When the ORS/QI Coordinator called the hospital the next day for a report from the nurse in charge of the unit to which the patient was admitted, she was advised the patient wasn’t admitted, and, in fact, they did no tests at that particular hospital.  She was advised that they had sent the patient on to a hospital two (2) hours away where there were throat and thoracic surgeons.  When she called that hospital, she was told no report could be given because of  HIPAA (not true as the ASC is part of the patient care continuum). ADAcontacted the hospital’s risk management department and could only learn the patient was to be fed the next day prior to discharge.  The ORS contacted the gastroenterologist who had not been notified by the original hospital OR the final hospital of admission.  Again, this leaves the center so vulnerable, as to be beyond discussion.

The ADA Group’s licensed risk managers discussed this topic of transferring patients with several other licensed risk managers to include the State of Florida.  One risk manager believed that letting the patient go to the ER in a private car was perfectly fine—especially if the hospital is on the same campus.  But, let’s look at this.  The patient belongs to the ASC as long as they are on the ASC property which includes the parking lot.  The hospital parking lot and ASC parking lot are one of the same.  Now, ANYTHING can happen in a parking lot—accidents—and what if the patient had an “episode” enroute?

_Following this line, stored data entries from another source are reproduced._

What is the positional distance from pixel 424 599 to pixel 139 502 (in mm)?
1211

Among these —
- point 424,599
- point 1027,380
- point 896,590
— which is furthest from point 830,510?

Always err on the side of patient safety:

  1. Develop a comprehensive policy regarding patient transfers and submit this to the medical staff committee and the Board for approval and revision, clarification, as needed.  In this policy determine the difference between hospital referrals and direct transfers.
  2. Circulate the policy to the medical staff.
  3. Inservice the Center staff.
  4. Document all transfers and referrals on an incident report.
  5. Maintain the incident report log.
  6. Track and report trends.  Note whether or not the patient met the organization’s admission criteria on scheduling.
  7. Follow up all transfers with the nurse in charge at the admitting unit.
  8. Procure a copy of the hospital discharge note.  (You may have to get this from the transferring physician.)
  9. Track and report 24-hour hospital admits to the hospital and re-admits to the ASC.
  10. Report all trending as discussed above.
  11. Inservice staff, monitor and conduct competencies on pre-operative patient instructions that include post-operative instructions.
  12. Conduct QI studies on the effectiveness of post-operative instructions and admission criteria deviations.